The Showroom
Exhibition

Phillip Lai

00460

26 February - 30 March 1997

Phillip Lai's work at The Showroom involved the construction of objects and images which addressed 'fluid' states; the transformation via a soy-sauce fermentation unit, of solids to liquid and the absurd fusion, through biro drawn directly onto the gallery wall, of automatic drawing and the 'letting', or exhumation, of a consciousness.

The front gallery contained the workings of a liquid food (soy sauce) in fermentation. It is a site of real production vitrined, as it were, by the gallery's glass frontage. In the absence of institutional checks the production proceeded with the logic of one mind, combining a pragmatism and "evil" embodied by a home-brew experiment - or a bootleg distillery. It is nonetheless a process of science - a direction towards "sublimation", from solid to gas, that found itself floundering somewhere between, in fluid mass.

The back gallery was posited as a landscape of unease. The walls of this room harboured liquids form rendered in biro.
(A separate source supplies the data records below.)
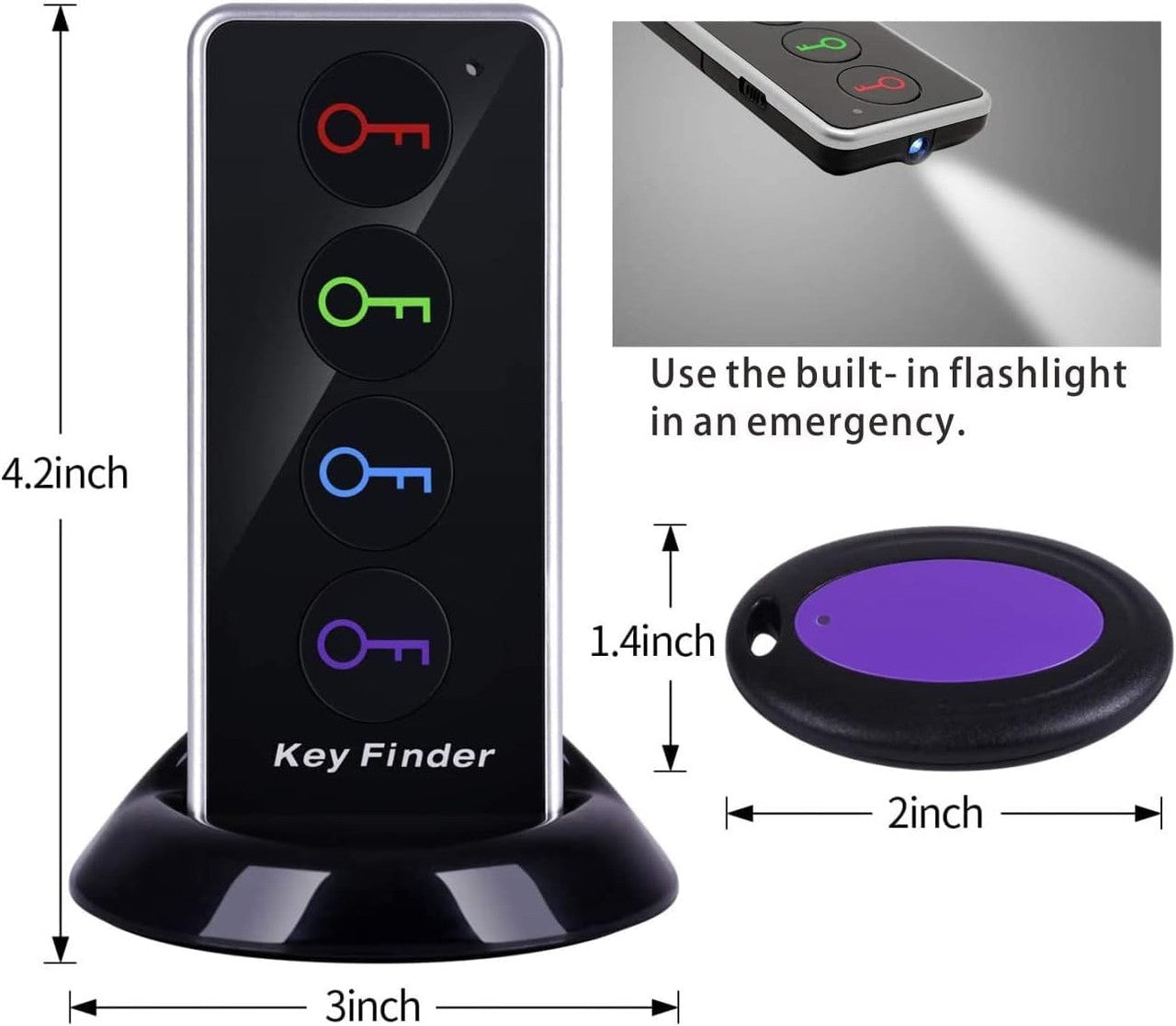 Key Finder Key Finder, Reyke Remote Finder Wireless RF Object Finder with LED Torch for Keys, Wallet, Phone and Pet Tracker (RF Transmitter, 4 Receivers)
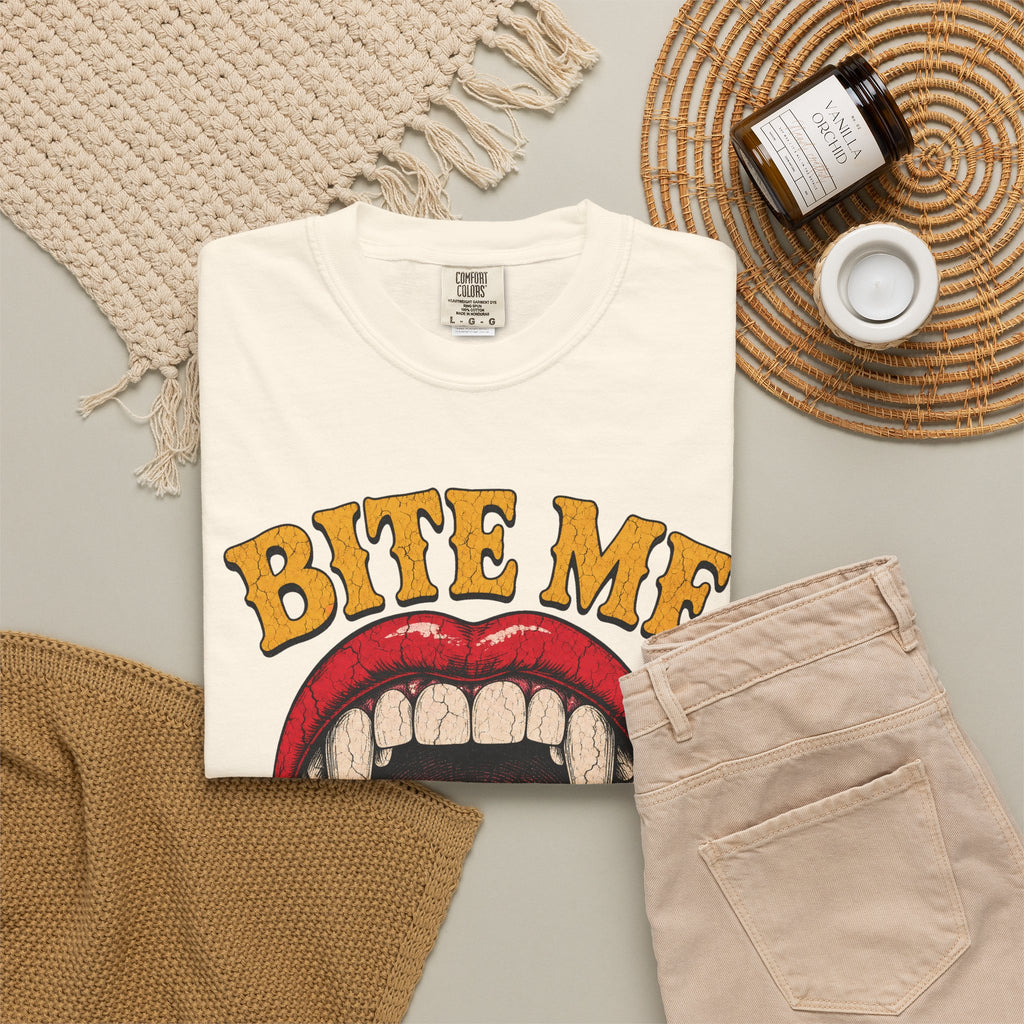 Bite Me T-shirt in Ivory, flat lay view
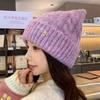 Solid Color Cat Ears Pullover Hat Japanese  Style Women Beanie Hat  Autumn Winter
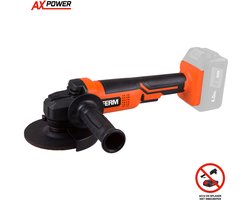 FERM - AX-POWER - AGM1131 - Accu - Haakse slijper - 125mm - 20Volt - Zijgreep - link en rechts te plaatsen - ZONDER Accu - ZONDER lader - Ook geschikt voor: - FX-Power - en - FX-Orange - Draadloze haakse slijper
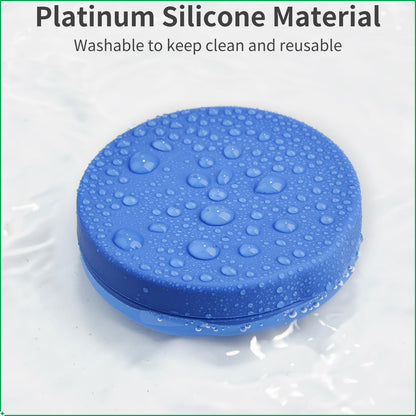 2 Pack Small Pill Box,3 Compartment Round Silicone Travel Pill Box for Purse Pocket, Waterproof Portable Compact Medicine Holder for Vitamin, Cod Liver Oil, Supplement(Purple+Blue)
Appearing as enlarged doodles which referenced existential processes the work also betrayed a self-consciousness and leaked with generic form that proposes it as a"smart" liquid. This mental outpouring was petrified as an overall scene which revealed a perplexity at the loss of, and recuperation of, the involuntary act.

As in previous works the phenomena Lai presents were located in a space that the artist had defined, and continued to explore, between generic notions of, and his experience of, the East and the West. Rather than maintaining simple dichotomies Lai's works reflected the complexity of the reality of being composed of both.